2 of 2 people found the following review helpful:
5.0 out of 5 stars
Hooked After The First Story, April 15, 2008
This review is from: Airlift: Short Stories (Hardcover)
Over the years, I have avoided reading short stories--other people's short stories, that is. I felt like they were unfulfilling and ended too soon. But recently I was laid up for a while and was searching for something to help me stop thinking about myself. I noticed Jan Seale's book, which I had purchased at a writers' conference a number of years ago, and thought I'd give it a look.
What a marvelous surprise! I was hooked after the first story about a gentleman who--while taking chemo treatments--was building a purple martin birdhouse as a way of looking forward to a future and to make his mistake-of-a-second-wife crazy.

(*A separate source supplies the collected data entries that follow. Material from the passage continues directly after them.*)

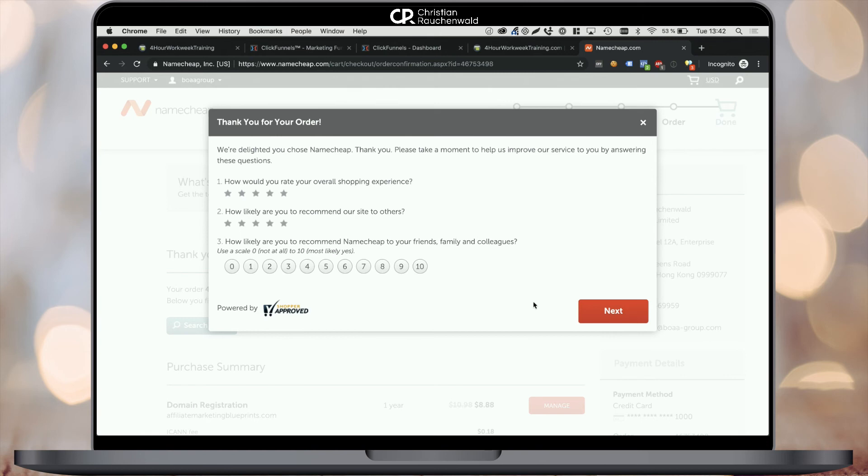Thanks again for watching. Don't forget to hit the subscribe button, and if you have any issues whatsoever, simply comment below. Till then, bye-bye.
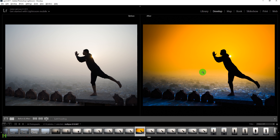This is the before and after of these simple edits done entirely in Adobe Lightroom. Thank you so much — I hope you learned something useful. If you liked today's episode, please hit the like button, subscribe to the channel (it's absolutely free), click the bell icon to get notified of new videos, and click the big red Subscribe button below.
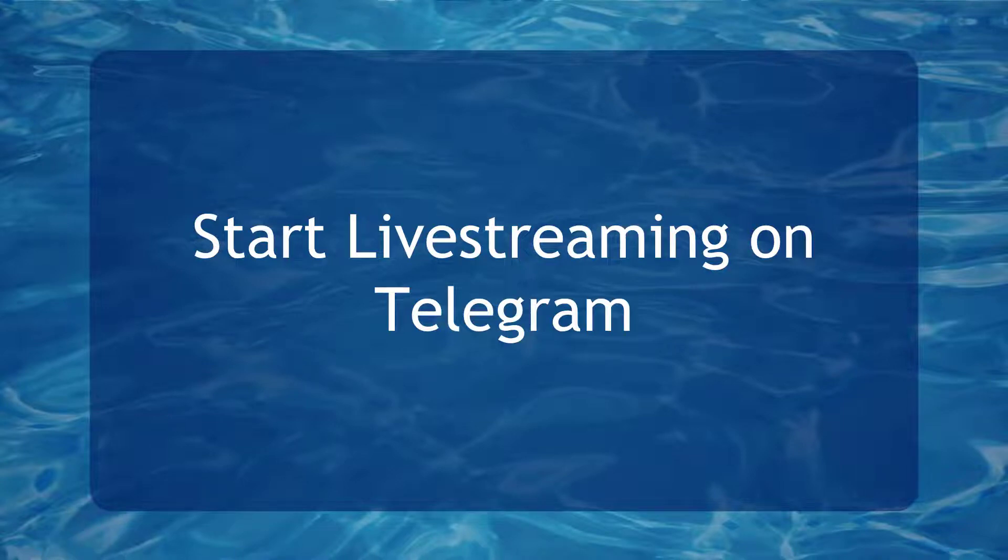Hello guys, in this video we're going to talk about start live streaming on Telegram. Let's get started.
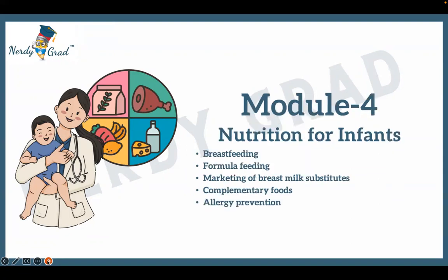Module 4: Nutrition for Infants. Topics include breastfeeding, formula feeding, marketing of breast milk substitutes, complementary foods, and allergy prevention.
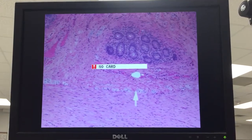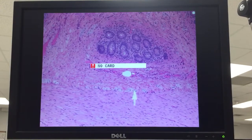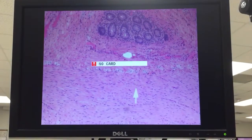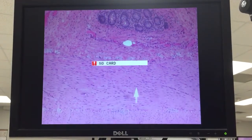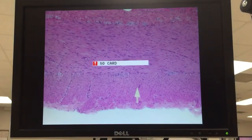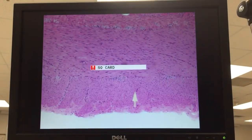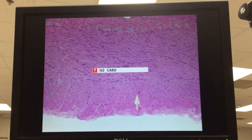Meissner's plexus. We have several neurons. Inner circular layer.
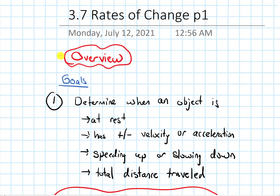In this video we will give an overview of section 3.7 on rates of change. Our goals are to determine when an object is at rest, when it has a positive or negative velocity or acceleration, when it may be speeding up or slowing down, and finally to figure out the total distance it's traveled.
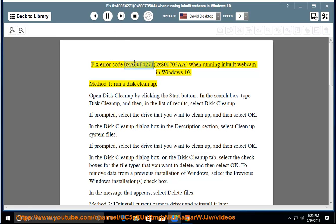Fix error code 0XA00F4271, 0X800705AA when running the inbuilt webcam in Windows 10. Method 1: Run a Disk Cleanup.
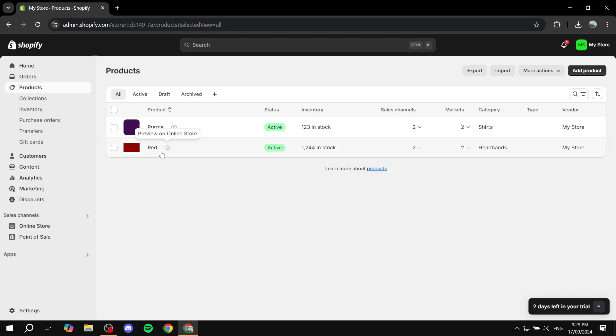This is going to be a fast tutorial on how to combine two different products or even more in your Shopify store. So let's just go ahead and show you how to do so.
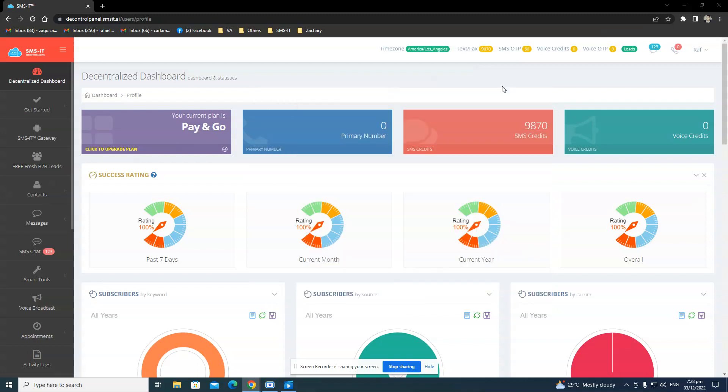Hello, everyone. I am here today to discuss with you how you can connect your phone and SIM card into your Decentralized account in SMSit.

Although the stories in this book are only a few pages long, each one stands alone as a unique slice of life. All are done from the perspective of different characters--old, young, men, women, different ethnicities and races. And you feel you are that person.
My favorite was To Reap, To Thresh, about a farmer who was planning his tombstone with a picture of a combine chiseled on it. What a great idea--to have a monument that shows what you did in this life. It makes you think, What would I put on mine?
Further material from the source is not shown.